EXERCISE BRIEF: The records below must be transcribed precisely and in full.

Stored items:
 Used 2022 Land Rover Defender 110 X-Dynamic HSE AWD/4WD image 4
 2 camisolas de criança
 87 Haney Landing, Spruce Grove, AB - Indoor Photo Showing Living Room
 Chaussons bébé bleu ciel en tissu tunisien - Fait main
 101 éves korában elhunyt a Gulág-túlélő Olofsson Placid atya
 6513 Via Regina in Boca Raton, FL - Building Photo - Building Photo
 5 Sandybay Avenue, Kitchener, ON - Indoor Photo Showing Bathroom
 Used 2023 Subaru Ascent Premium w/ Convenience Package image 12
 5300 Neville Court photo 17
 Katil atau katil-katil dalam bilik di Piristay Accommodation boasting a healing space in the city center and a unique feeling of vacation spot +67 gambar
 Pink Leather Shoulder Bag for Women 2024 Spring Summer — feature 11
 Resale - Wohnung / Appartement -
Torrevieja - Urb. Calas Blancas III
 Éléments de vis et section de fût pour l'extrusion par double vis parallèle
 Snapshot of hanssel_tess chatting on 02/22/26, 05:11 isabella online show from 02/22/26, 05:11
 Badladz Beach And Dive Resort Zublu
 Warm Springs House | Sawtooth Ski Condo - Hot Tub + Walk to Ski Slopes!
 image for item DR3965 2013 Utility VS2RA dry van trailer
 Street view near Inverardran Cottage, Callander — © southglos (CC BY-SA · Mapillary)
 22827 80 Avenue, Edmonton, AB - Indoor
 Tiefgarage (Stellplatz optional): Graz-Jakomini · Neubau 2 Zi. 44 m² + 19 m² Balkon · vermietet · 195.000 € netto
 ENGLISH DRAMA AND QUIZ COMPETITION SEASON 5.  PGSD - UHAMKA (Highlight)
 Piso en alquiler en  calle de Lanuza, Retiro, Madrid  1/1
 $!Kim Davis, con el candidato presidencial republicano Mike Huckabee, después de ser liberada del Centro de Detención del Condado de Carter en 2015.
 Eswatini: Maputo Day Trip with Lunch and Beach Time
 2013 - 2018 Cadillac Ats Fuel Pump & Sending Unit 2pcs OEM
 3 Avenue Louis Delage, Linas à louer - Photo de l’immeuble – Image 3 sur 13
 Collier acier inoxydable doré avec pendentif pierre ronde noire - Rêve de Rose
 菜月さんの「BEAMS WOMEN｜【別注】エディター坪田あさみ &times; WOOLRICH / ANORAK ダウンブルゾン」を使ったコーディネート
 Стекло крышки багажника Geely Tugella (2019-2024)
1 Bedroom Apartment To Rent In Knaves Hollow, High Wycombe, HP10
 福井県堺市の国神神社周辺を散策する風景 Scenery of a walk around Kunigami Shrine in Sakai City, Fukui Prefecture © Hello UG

OUTPUT BELOW:
 Used 2022 Land Rover Defender 110 X-Dynamic HSE AWD/4WD image 4
 2 camisolas de criança
 87 Haney Landing, Spruce Grove, AB - Indoor Photo Showing Living Room
 Chaussons bébé bleu ciel en tissu tunisien - Fait main
 101 éves korában elhunyt a Gulág-túlélő Olofsson Placid atya
 6513 Via Regina in Boca Raton, FL - Building Photo - Building Photo
 5 Sandybay Avenue, Kitchener, ON - Indoor Photo Showing Bathroom
 Used 2023 Subaru Ascent Premium w/ Convenience Package image 12
 5300 Neville Court photo 17
 Katil atau katil-katil dalam bilik di Piristay Accommodation boasting a healing space in the city center and a unique feeling of vacation spot +67 gambar
 Pink Leather Shoulder Bag for Women 2024 Spring Summer — feature 11
 Resale - Wohnung / Appartement -
Torrevieja - Urb. Calas Blancas III
 Éléments de vis et section de fût pour l'extrusion par double vis parallèle
 Snapshot of hanssel_tess chatting on 02/22/26, 05:11 isabella online show from 02/22/26, 05:11
 Badladz Beach And Dive Resort Zublu
 Warm Springs House | Sawtooth Ski Condo - Hot Tub + Walk to Ski Slopes!
 image for item DR3965 2013 Utility VS2RA dry van trailer
 Street view near Inverardran Cottage, Callander — © southglos (CC BY-SA · Mapillary)
 22827 80 Avenue, Edmonton, AB - Indoor
 Tiefgarage (Stellplatz optional): Graz-Jakomini · Neubau 2 Zi. 44 m² + 19 m² Balkon · vermietet · 195.000 € netto
 ENGLISH DRAMA AND QUIZ COMPETITION SEASON 5.  PGSD - UHAMKA (Highlight)
 Piso en alquiler en  calle de Lanuza, Retiro, Madrid  1/1
 $!Kim Davis, con el candidato presidencial republicano Mike Huckabee, después de ser liberada del Centro de Detención del Condado de Carter en 2015.
 Eswatini: Maputo Day Trip with Lunch and Beach Time
 2013 - 2018 Cadillac Ats Fuel Pump & Sending Unit 2pcs OEM
 3 Avenue Louis Delage, Linas à louer - Photo de l’immeuble – Image 3 sur 13
 Collier acier inoxydable doré avec pendentif pierre ronde noire - Rêve de Rose
 菜月さんの「BEAMS WOMEN｜【別注】エディター坪田あさみ &times; WOOLRICH / ANORAK ダウンブルゾン」を使ったコーディネート
 Стекло крышки багажника Geely Tugella (2019-2024)
1 Bedroom Apartment To Rent In Knaves Hollow, High Wycombe, HP10
 福井県堺市の国神神社周辺を散策する風景 Scenery of a walk around Kunigami Shrine in Sakai City, Fukui Prefecture © Hello UG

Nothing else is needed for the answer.